0

Handwriting Recognition: Writer Identification and Verification in Handwritten Documents Using Hybrid Deep Learning Techniques

Multi-model AI system that transcribes IAM handwriting samples while fingerprinting each writer via CRNN, Siamese, and boosted hybrid pipelines.

Overview

This project analyzes images from the IAM Handwriting Dataset for two objectives at once: transcribing the written words/sentences and identifying who wrote them. CNN, CRNN, SVM, Siamese Networks, and XGBoost configurations all run through the same experimental pipeline, creating a reproducible blueprint for biometric verification, forensic analysis, and intelligent document workflows.

Project Motivation

Conventional handwriting systems only learn what was written. Here the pipeline also models who wrote it by capturing cues like stroke pressure, spacing, slant, and rhythm. Recognition and verification models share the same data path so even with few samples, the system can still attribute authorship.

Dataset & Preprocessing

  • Selected the 49 IAM writers with the most samples, yielding 4,207 single-channel 113×113 images.
  • Applied margin cropping, grayscale normalization, and augmentation (rotation, inversion, noise) to enrich data.
  • One-hot encoded writer labels and used stratified train/validation/test splits to keep classes balanced.
Original IAM word sample
Figure 1. Raw IAM sample prior to the cleaning pipeline.
Patched IAM word sample
Figure 2. Patched, deskewed, and normalized crop fed to the CNN/CRNN stack.

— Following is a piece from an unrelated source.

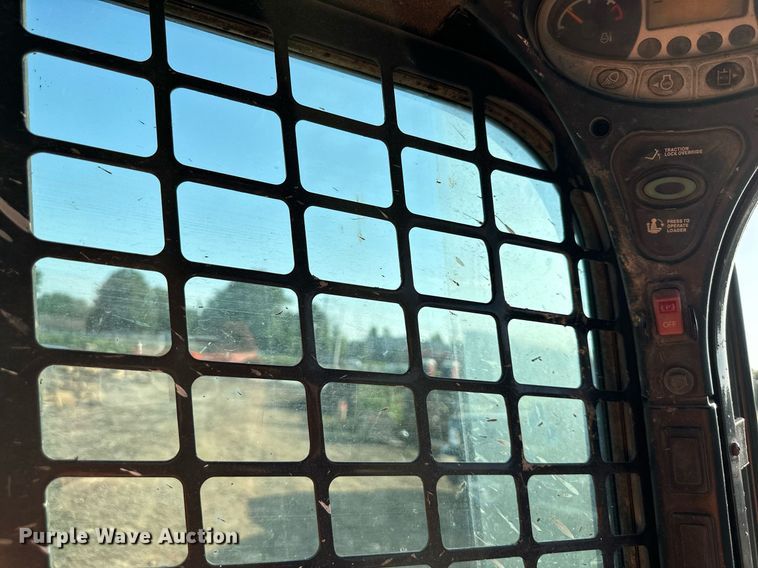 image for item DS2110 2015 Bobcat S590 skid steer loader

The verification problem changes difficulty depending on how distinctive the handwriting is. I therefore curated two qualitative buckets that were used for human-in-the-loop checks:

Highly characteristic handwriting samples
Figure 3. Human-in-the-loop audit set featuring highly characteristic writers.
Less characteristic handwriting samples
Figure 4. Sample bucket representing ambiguous or low-signal handwriting.

Model Architectures

CNN

Extracts spatial stroke features and delivers ~77% writer accuracy as the baseline classifier.

CRNN

Stacks CNN and BiLSTM layers so the network learns shape, rhythm, and sequence; CTC loss supports fast transcription plus ~88% writer accuracy.

CNN + SVM

Feeds CNN embeddings into an SVM decision boundary, reaching ~87% accuracy and blending deep features with classical ML for smaller datasets.

CRNN + SVM

Supplies temporal CRNN features to an SVM classifier for 89.9% accuracy and improved robustness to writer-to-writer variation.

CRNN + XGBoost

Runs gradient-boosted trees on CRNN feature vectors, capturing complex interactions and delivering the best accuracy at 90.32%.

Siamese Network

Uses weight-sharing CNN twins with contrastive loss to decide whether two samples came from the same writer; ~85% verification accuracy adds a dedicated security layer.

Multi-Task Learning

Shared convolutional and recurrent layers learn both tasks simultaneously:

  1. CTC-based handwriting recognition.
  2. Style-driven writer classification.

This shared feature bank yields richer representations, better training efficiency, and workflows that mirror real forensic pipelines.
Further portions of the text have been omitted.